Jose Fernandez had a great outing strikeout out 11 batters without giving up a run. But, he got off to a shaky start. Jonathan Villar led off the game with an RBI double and the Alex Presley worked a six-pitch walk. That brought up Ryan Braun who’s having an amazing start to the season.
The left fielder has an on-base percentage over .400 and slugging over .600. Fernandez was also working through some early command issues, making this a very dangerous spot for the Marlins. Fernandez then threw two straight balls to Braun putting the count at 2-0 with two men on and nobody out. Braun then got a pitch he could drive and hit the ball at an exit velocity of 102 mph which went 383 feet. In most ballparks that’s a home run, but in Marlins Park, that ball was caught on the warning track.
WORST PLAY (WPA):
Villar did tag up and advance to third base, putting a runner at third and first with only one out. Chris Carter was the next batter, and as I’ve mentioned before, even though Carter is off to a great start, I always get nervous when he’s hitting with a man on third and there are less than two outs. The reason, being, even though Carter has 10 home runs and is slugging over 600, he’s still striking out 27% of the time, and with Jose Fernandez pitching. I couldn’t help but get the feeling that he wasn’t going to put the ball in play.
But, I was wrong, Carter did put the ball in play, in fact, he hit a ball at 102 mph. The only problem was the ball was hit on the ground and right to the third baseman for an easy double play, which ended the inning.
GETTING HEATED AT THE END:
In the ninth inning, the Brewers were down 4-0. The Marlins brought in their closer, A.J. Ramos. People in the stands were already starting to leave. The Marlins win expectancy was at 97% and I had already started writing my recap.
The game, as I quickly found out, was not over. Chris Carter led the ninth with a walk. Kirk Nieuwenhuis then also walked on five pitches. With runners on second and first with no one out, the Brewers showed some signs of life. But, Colin Walsh and Jonathan Lucroy both struck out looking dwindling the Brewers chances of making a comeback. The red-hot Aaron Hill, however, also worked a pinch-hit walk, loading the bases and chasing Ramos out of the game.

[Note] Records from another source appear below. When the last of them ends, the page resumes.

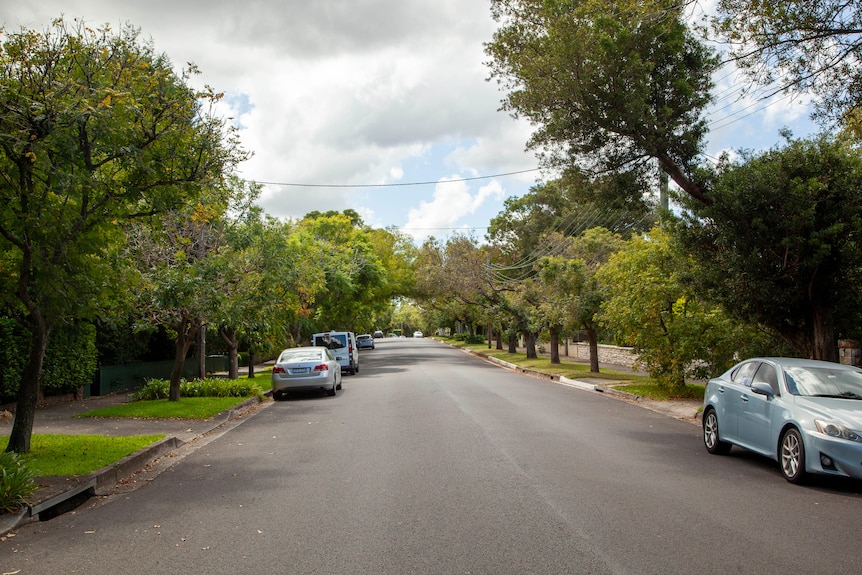 a street in the sydney suburb of killara with trees lining the road and a few cars parked on the side of the road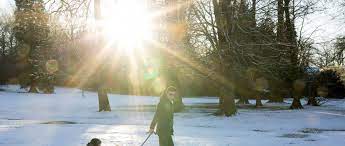 Plantentuin meise, een 92 hectare grote groene oase, vlak bij brussel, waar 18.000 update 24 march: Im Winter Unterwegs Mit Konig Amaryllo Plantentuin Meise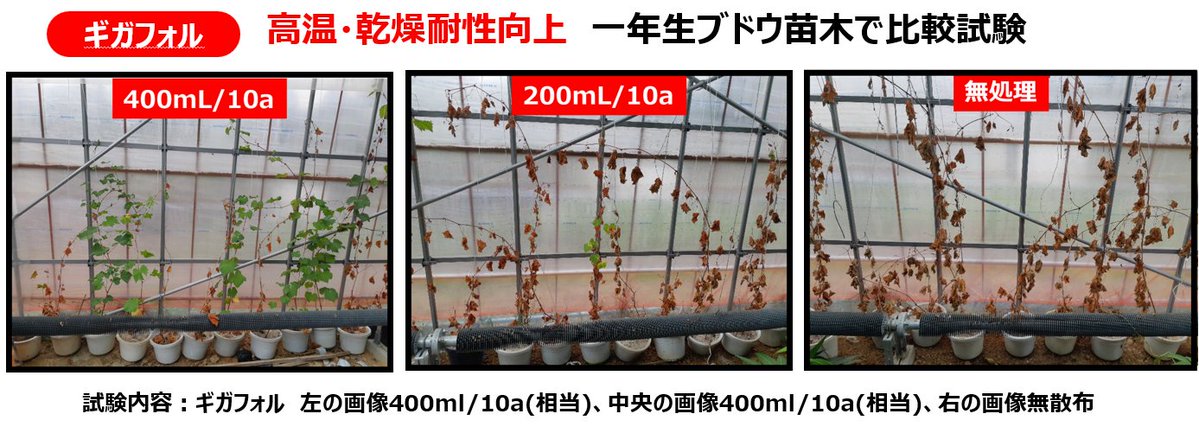 「酷暑日」という言葉が示す通り、これからの夏は備えが欠かせません。
作物を守るため、ギガフォルなどの高温対策を現場で。

#マブースト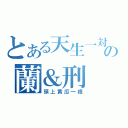 とある天生一対の蘭＆刑（頭上黄瓜一根）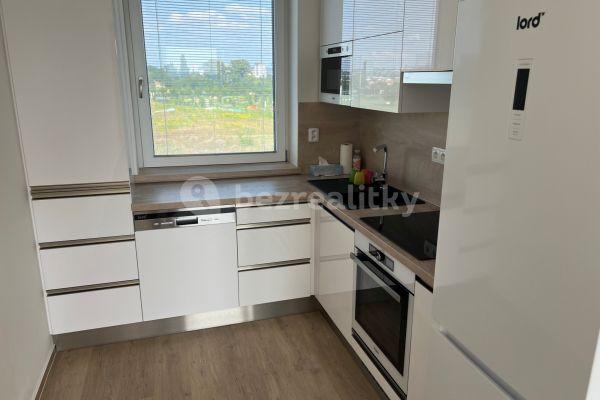 1 bedroom with open-plan kitchen flat to rent, 60 m², Sokolova, Brno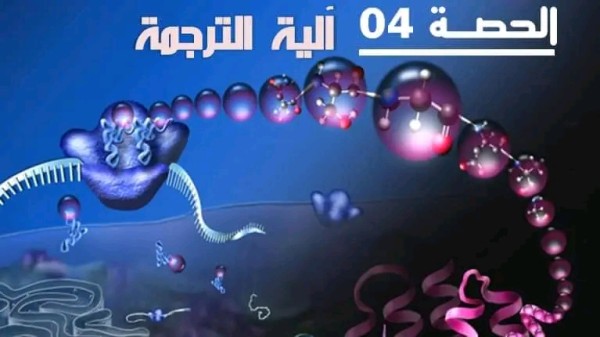 آلية الترجمة BAC 2024ملخص الدرس 4 : مراحل الترجمة مقر تركيب البروتين في الهيولى: تجربة الوثيقة 1 ص 24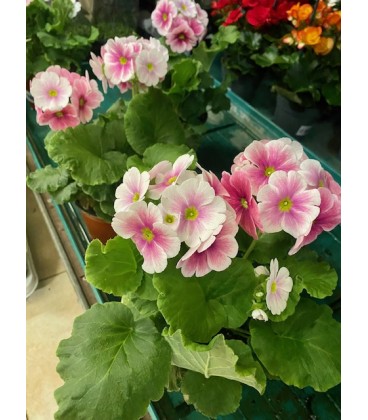 Primevères Obconica Ø15 FR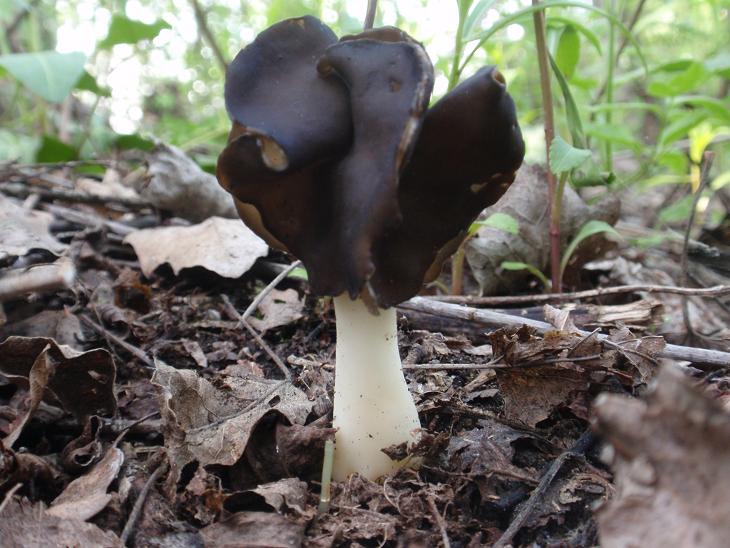 Colline astigiane: Helvella monachella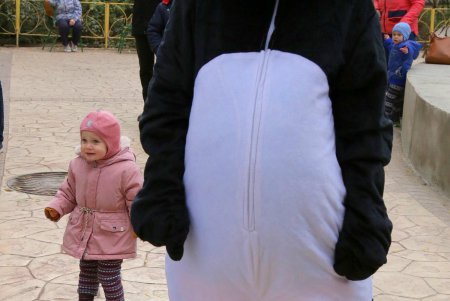 День медведей в Одесском зоопарке (фоторепортаж)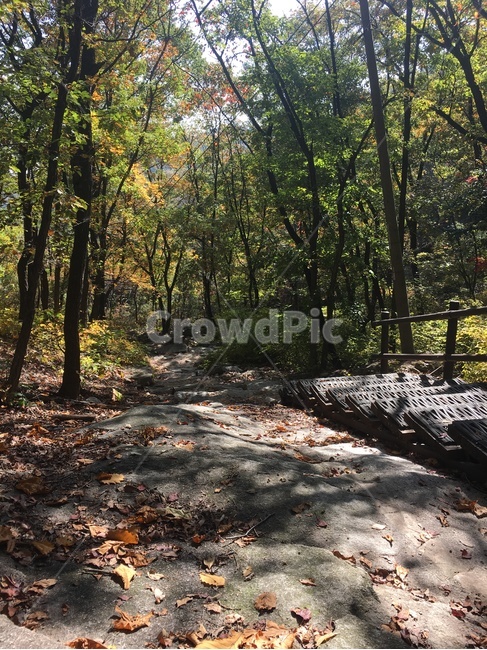 북한산,등산,가을,가을산,화창한날씨,자연,풍경,nature,landscape,ground,바닥,tree,나무,plant,식물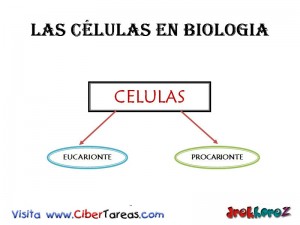Las Celulas en Biologia 1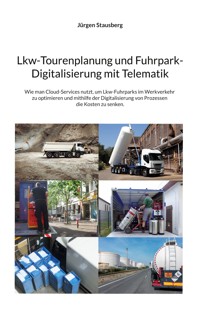 Lkw-Tourenplanung und Fuhrpark-Digitalisierung mit Telematik - Jürgen Stausberg - E-Book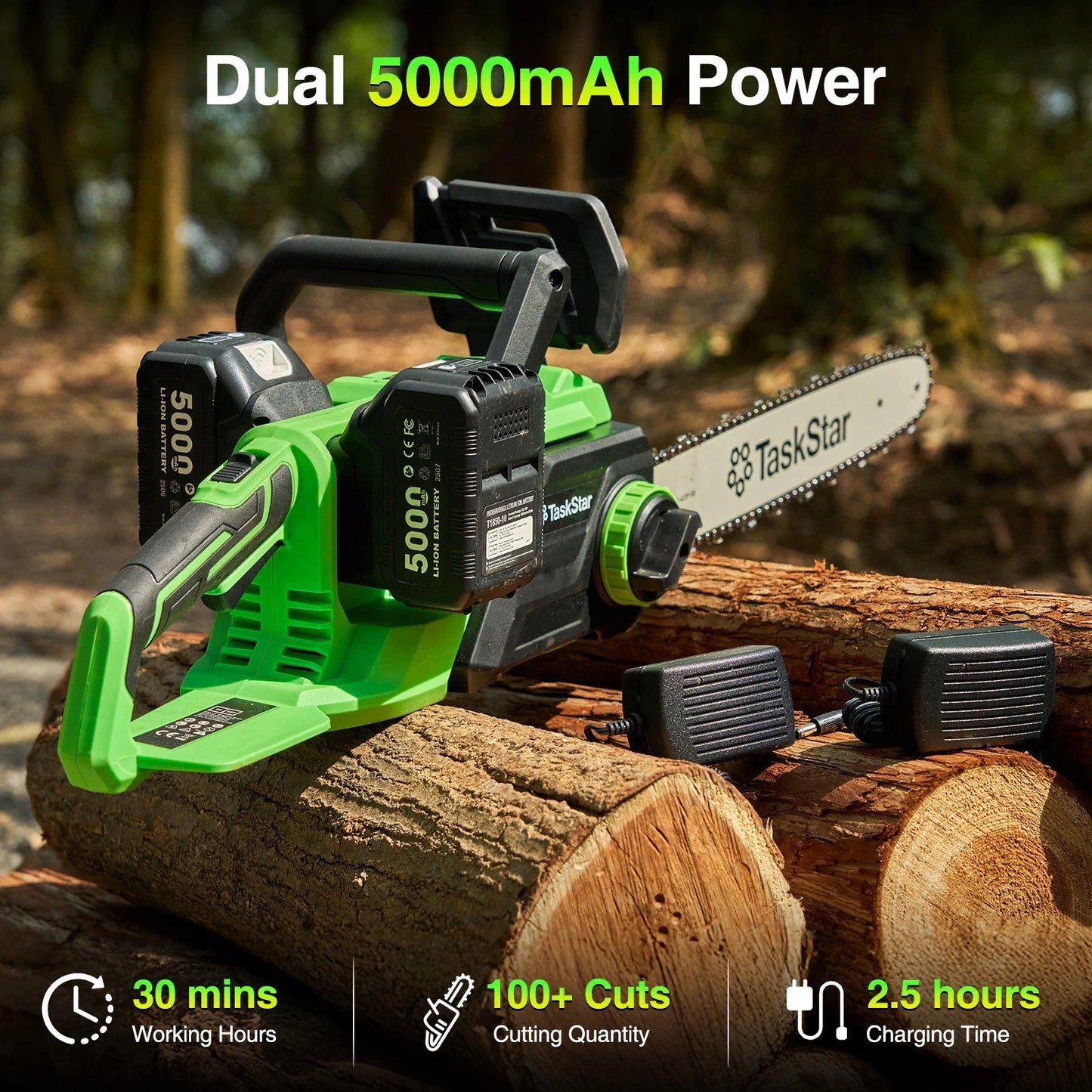 TaskStar 40V Cordless Chainsaw With Auto Oiling 2 5.0Ah Batteries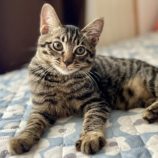 11月9日のひたちなか店に参加するネコスぺ事務局の保護猫17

Jon Mattingly brought in reliever Bryan Morris to get the final out of the game and the save. The interesting part is that Morris had never gotten a save in his major league career. Domingo Santana was then brought in as a pinch hitter. It was his first bit of action since his shoulder started bothering him. Santana though didn’t have to swing the bat, in fact, he didn’t. He took the first strike looking and then took four straight balls, walking and driving in the Brewers first run of the game. At this point, six players came to the plate in the inning and none of them put the ball in play.
Jonathan Villar was the next batter. He took the first ball and strike and swung and missed at the second one. The count was 1-2, the Brewers were facing their final strike of the game and Villar couldn’t do anything with the last pitch but swing and miss, ending the game.
The Brewers are in action again tomorrow. Zach Davis who has gotten off to a very slow start, with a 6.98 ERA will look to turn things around tomorrow against the Marlins.
The Brewers will be facing Adam Conley, who lest we forget, only two starts ago carried a no-hitter into the seventh inning, and one controversially taken out of the game with only one out left in the frame. The Brewers will need to have more success this time if they want to have a chance to win.